● **INSTRUCTIONS TO FOLLOW**
Reproduce only what runs from the line containing "Jacks streak snapped at ORU" to the line containing "Template Id Card Karyawan Gratis" in the records below, inclusive. Keep it exact, and keep the pictures out.

● **DATASET ENTRIES**

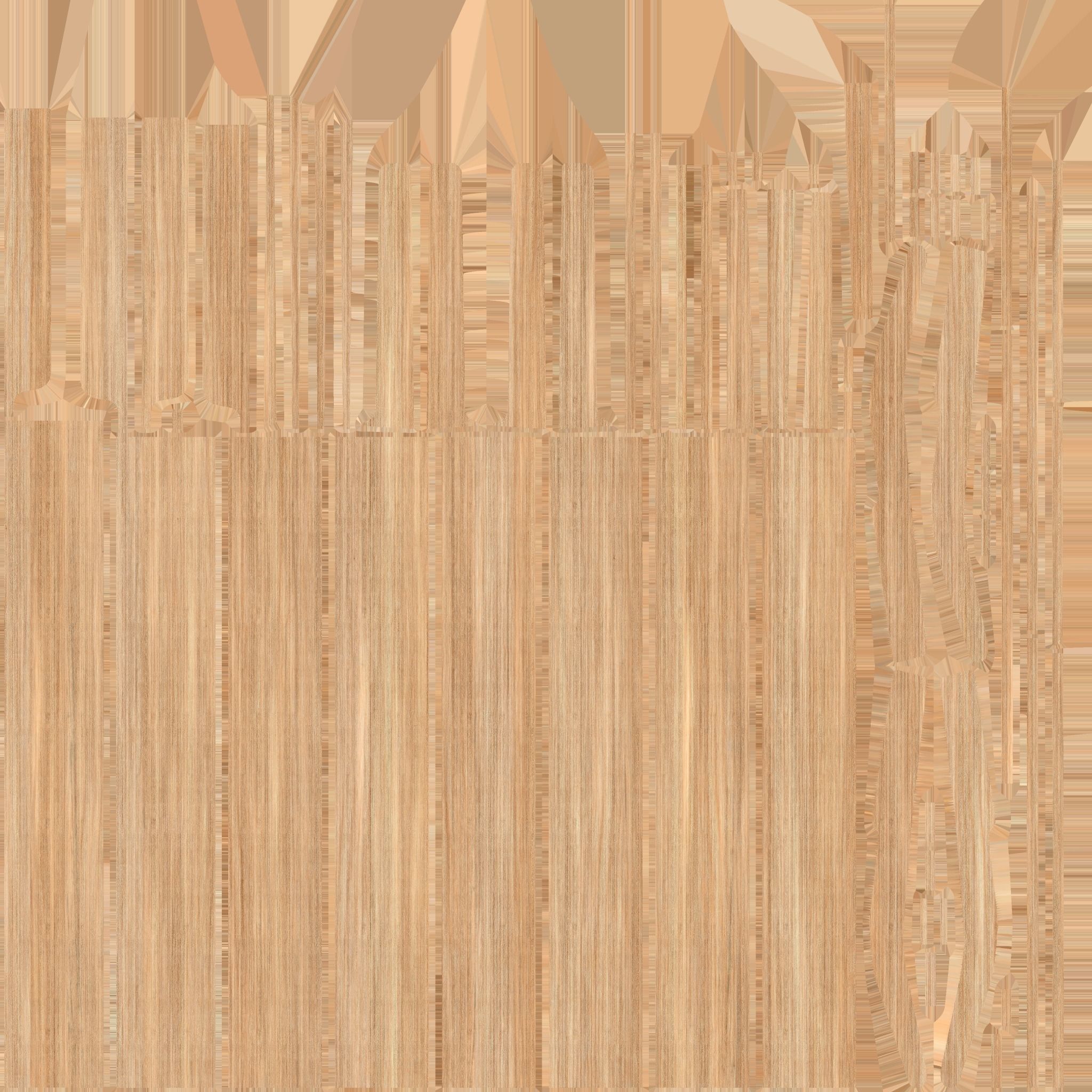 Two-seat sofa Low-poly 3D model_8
--
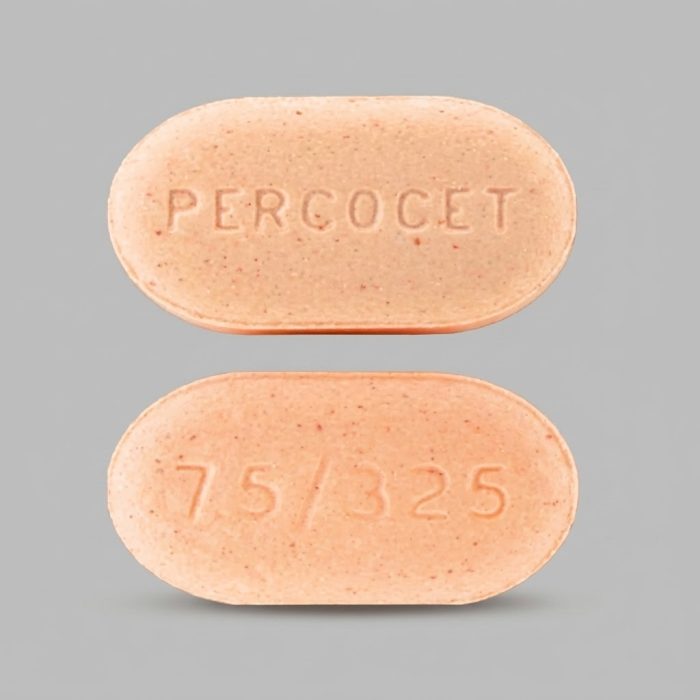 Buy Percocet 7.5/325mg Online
...
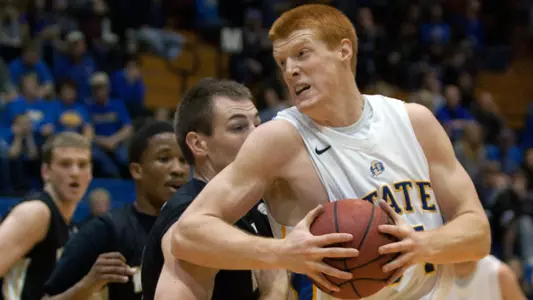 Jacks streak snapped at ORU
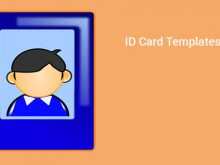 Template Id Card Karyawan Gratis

● **EXPECTED ANSWER**
 Jacks streak snapped at ORU
 Template Id Card Karyawan Gratis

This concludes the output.